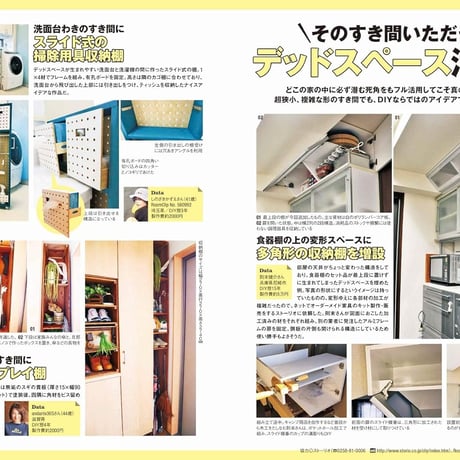 リノベで作る収納 dopa127号（2018年12月号）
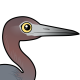 Little Blue Heron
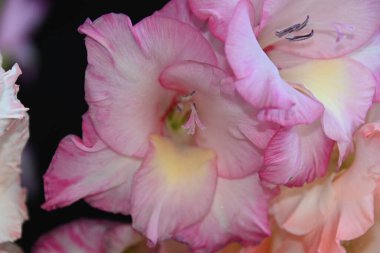 Güneşli yaz gününde bahçede yetişen güzel çiçekler. 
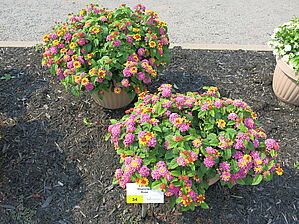 Impossible d'afficher l'image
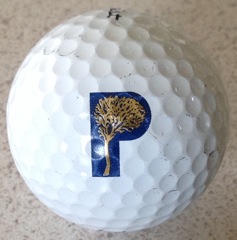 Prestonwood CC, Dallas, TX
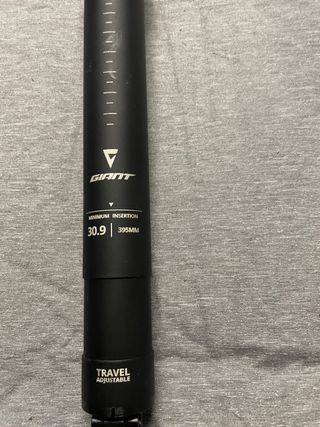 Tija Giant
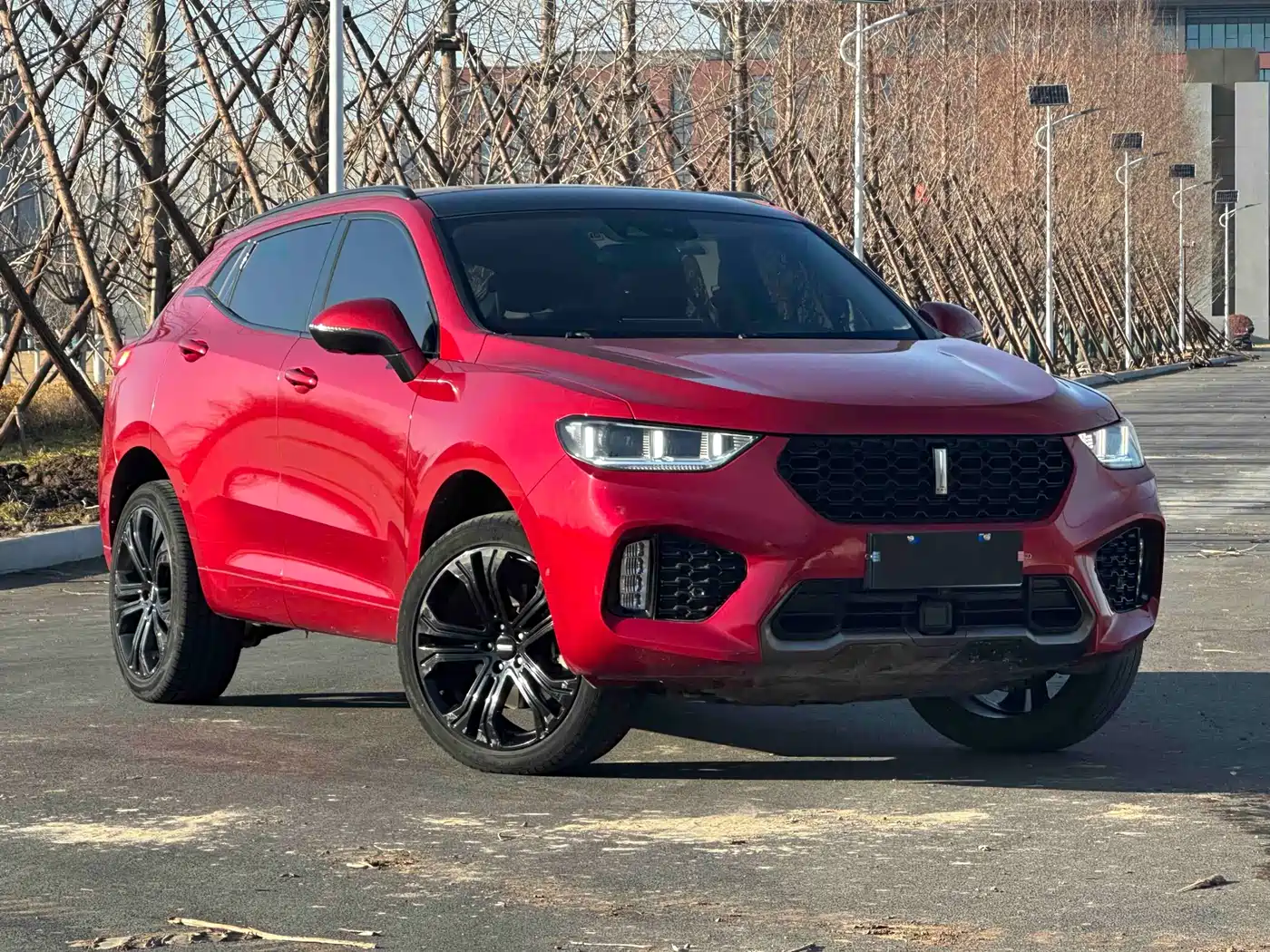 WEI PAI WEI BRAND VV5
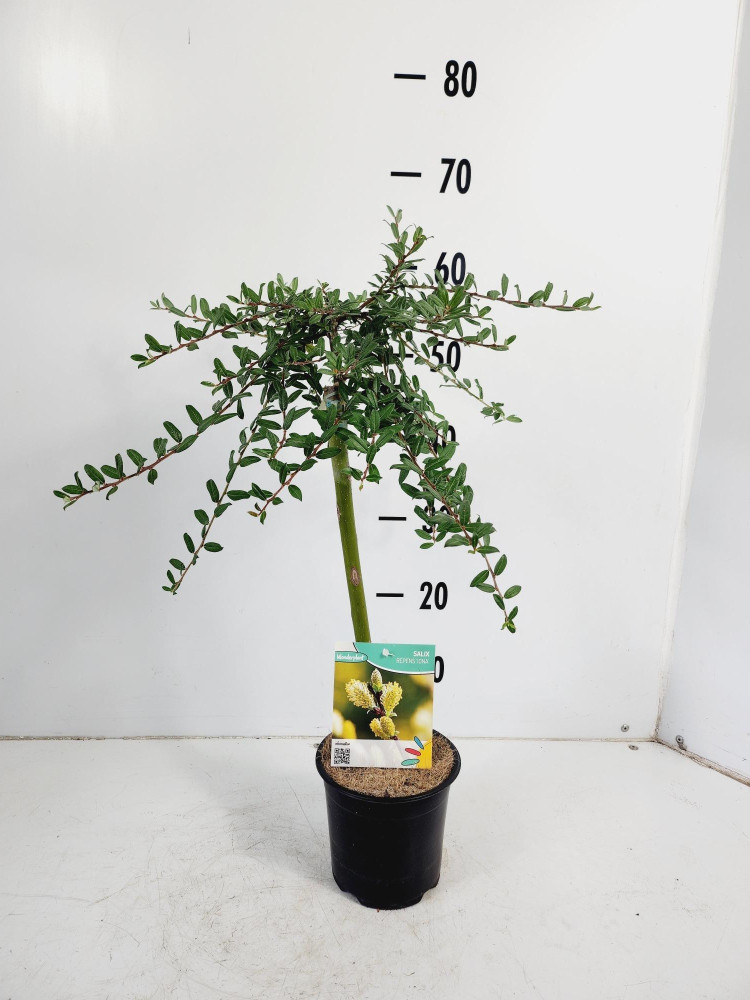 Salix Rep Iona 15/50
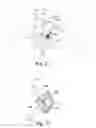 Fig. 08 - Antero-lateral plating systems and methods for spinal stabilization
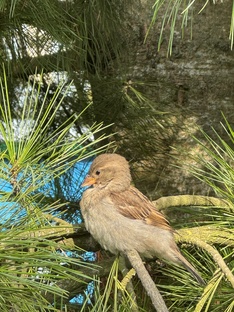 Чудесные животные!☺️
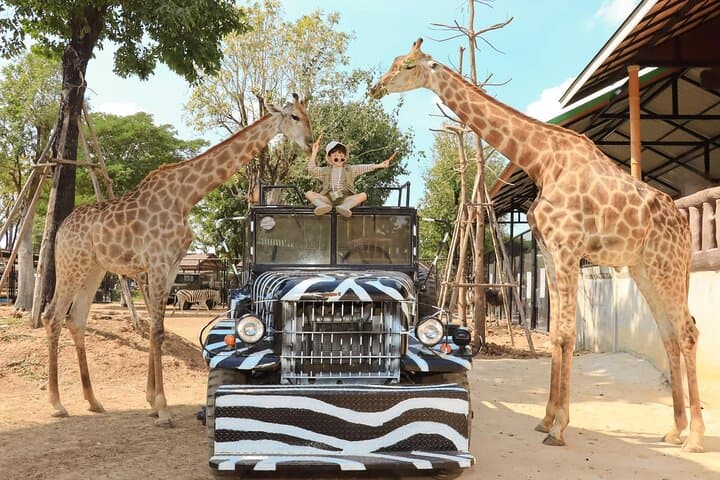 Ayutthaya Zoo & Temple Day Tour from Bangkok — Giraffe Encounters & Thai Costume Experience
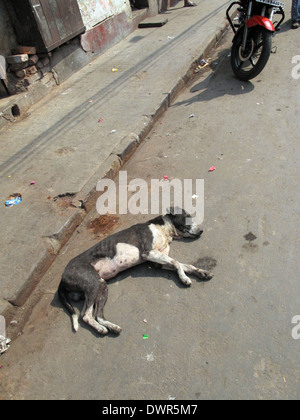Straßen von Kalkutta. Streunende Hunde schläft auf der Straße, 3. Februar 2009. Stockfoto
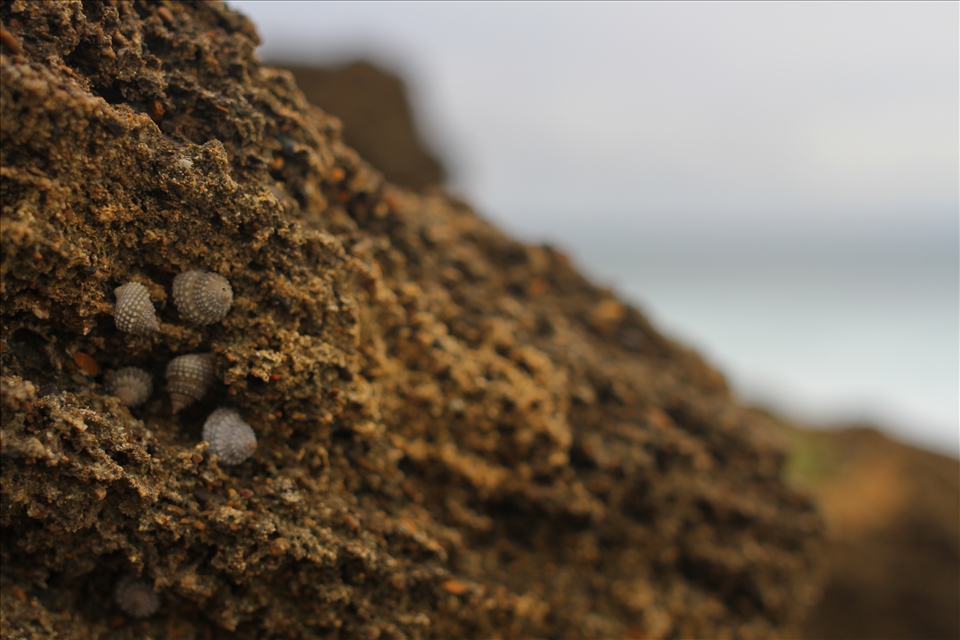 A few snails tucked away in the reef.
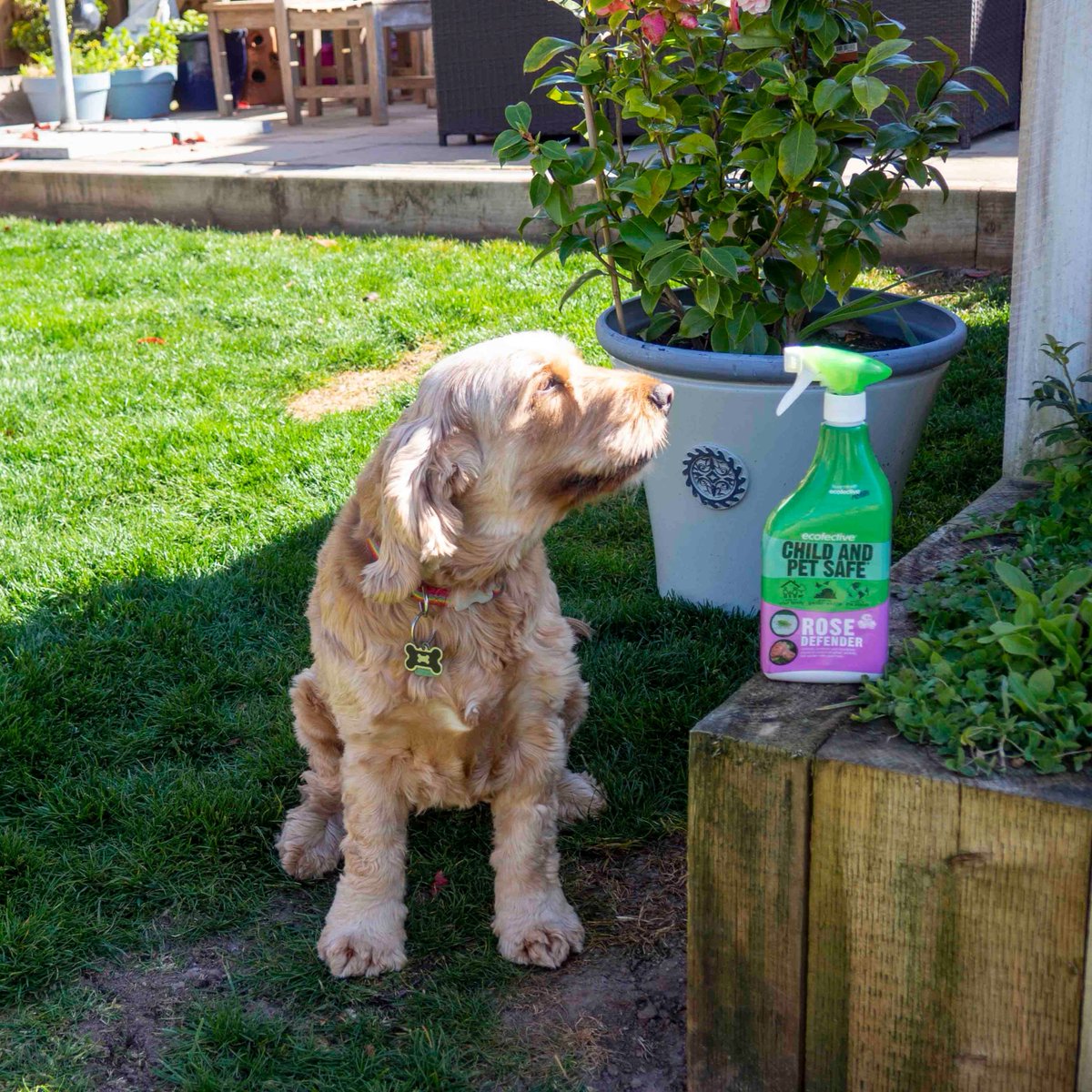 🐶On #Nationalloveyourpetday remember to use the right products to protect your plants from bugs and disease! 
😻🧒Ecofective is here to help with child &amp; pet safe  that are pesticide-free and kinder to the planet!
🌐Browse the range today on our website - loom.ly/w6O7aQI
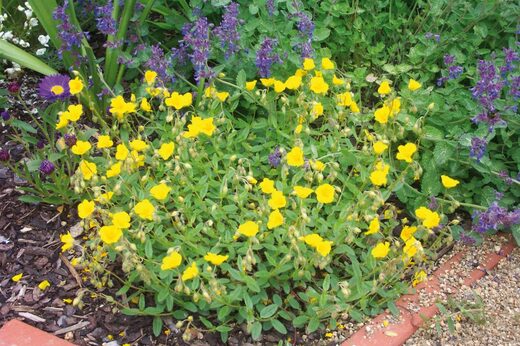 Helianthemum numm. 'Golden Queen' Devaterník velkokvětý 'Golden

**********

**Task:** Apart from the pictures, repeat the data above exactly.

**Result for this exercise:**
 リノベで作る収納 dopa127号（2018年12月号）
 Little Blue Heron
 Güneşli yaz gününde bahçede yetişen güzel çiçekler. 
 Impossible d'afficher l'image
 Prestonwood CC, Dallas, TX
 Tija Giant
 WEI PAI WEI BRAND VV5
 Salix Rep Iona 15/50
 Fig. 08 - Antero-lateral plating systems and methods for spinal stabilization
 Чудесные животные!☺️
 Ayutthaya Zoo & Temple Day Tour from Bangkok — Giraffe Encounters & Thai Costume Experience
Straßen von Kalkutta. Streunende Hunde schläft auf der Straße, 3. Februar 2009. Stockfoto
 A few snails tucked away in the reef.
 🐶On #Nationalloveyourpetday remember to use the right products to protect your plants from bugs and disease! 
😻🧒Ecofective is here to help with child &amp; pet safe  that are pesticide-free and kinder to the planet!
🌐Browse the range today on our website - loom.ly/w6O7aQI
 Helianthemum numm. 'Golden Queen' Devaterník velkokvětý 'Golden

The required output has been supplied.